Dem Gericht haben bei seiner Entscheidung neben der Verfahrensakte ein Band Umsatzsteuerakten, jeweils ein Band Betriebsprüfungsakten (Veranlagungsstelle) und Betriebsprüfungsakten (Betriebsprüfungsstelle), ein Band Rechtsbehelfsakten und ein Band Bilanzakten vorgelegen.

Entscheidungsgründe:

Die Klage ist begründet.

Der angefochtene Bescheid ist rechtswidrig. Der Kläger ist zum Vorsteuerabzug berechtigt, weil die Stadt M das in Rede stehende Grundstück als Unternehmer veräußert hat und daher zur Umsatzsteuer optieren durfte.

Nach § 15 Abs. 1 Nr. 1 UStG (in der für das Streitjahr geltenden Fassung) kann der Unternehmer die in Rechnungen im Sinne des § 14 UStG gesondert ausgewiesene Steuer für Lieferungen und sonstige Leistungen, die von anderen Unternehmern für sein Unternehmen ausgeführt worden sind, als Vorsteuerbeträge abziehen. Unternehmer ist, wer eine gewerbliche oder berufliche Tätigkeit selbständig ausübt. Das Unternehmen umfasst die gesamte gewerbliche oder berufliche Tätigkeit des Unternehmers. Gewerblich oder beruflich ist jede nachhaltige Tätigkeit zur Erzielung von Einnahmen, auch wenn die Absicht, Gewinn zu erzielen fehlt oder eine Personenvereinigung nur gegenüber ihren Mitgliedern tätig wird (§ 2 Abs. 1 UStG).
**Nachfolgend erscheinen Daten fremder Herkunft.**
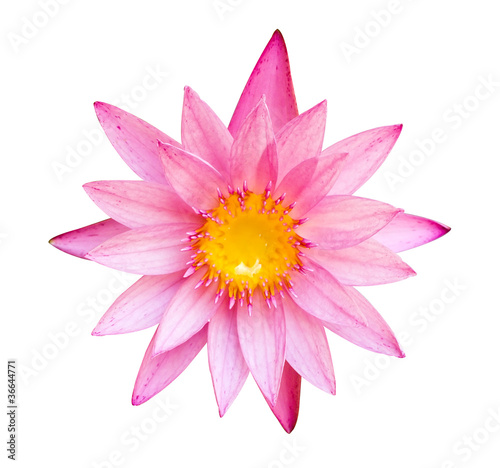 Pink lotus flower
Nach § 2 Abs. 3 S. 1 UStG sind juristische Personen des öffentlichen Rechts - wie hier die Stadt M - grundsätzlich nur im Rahmen ihrer Betriebe gewerblicher Art (§ 1 Abs. 1 Nr. 6, § 4 Körperschaftsteuergesetz -KStG-) und ihrer land- und forstwirtschaftlichen Betriebe gewerblich oder beruflich tätig. Betriebe gewerblicher Art von juristischen Personen des öffentlichen Rechts sind grundsätzlich alle Einrichtungen, die einer nachhaltigen wirtschaftlichen Tätigkeit zur Erzielung von Einnahmen außerhalb der Land- und Forstwirtschaft dienen und die sich innerhalb der Gesamtbetätigung der juristischen Person wirtschaftlich herausheben; die Absicht, Gewinn zu erzielen, und die Beteiligung am allgemeinen wirtschaftlichen Verkehr sind nicht erforderlich (§ 4 Abs. 1 KStG). Zu den Betrieben gewerblicher Art gehören nicht Betriebe, die überwiegend der Ausübung der öffentlichen Gewalt dienen (Hoheitsbetriebe). Für die Annahme eines Hoheitsbetriebs reichen Zwangs- oder Monopolrechte nicht aus (§ 4 Abs. 5 KStG).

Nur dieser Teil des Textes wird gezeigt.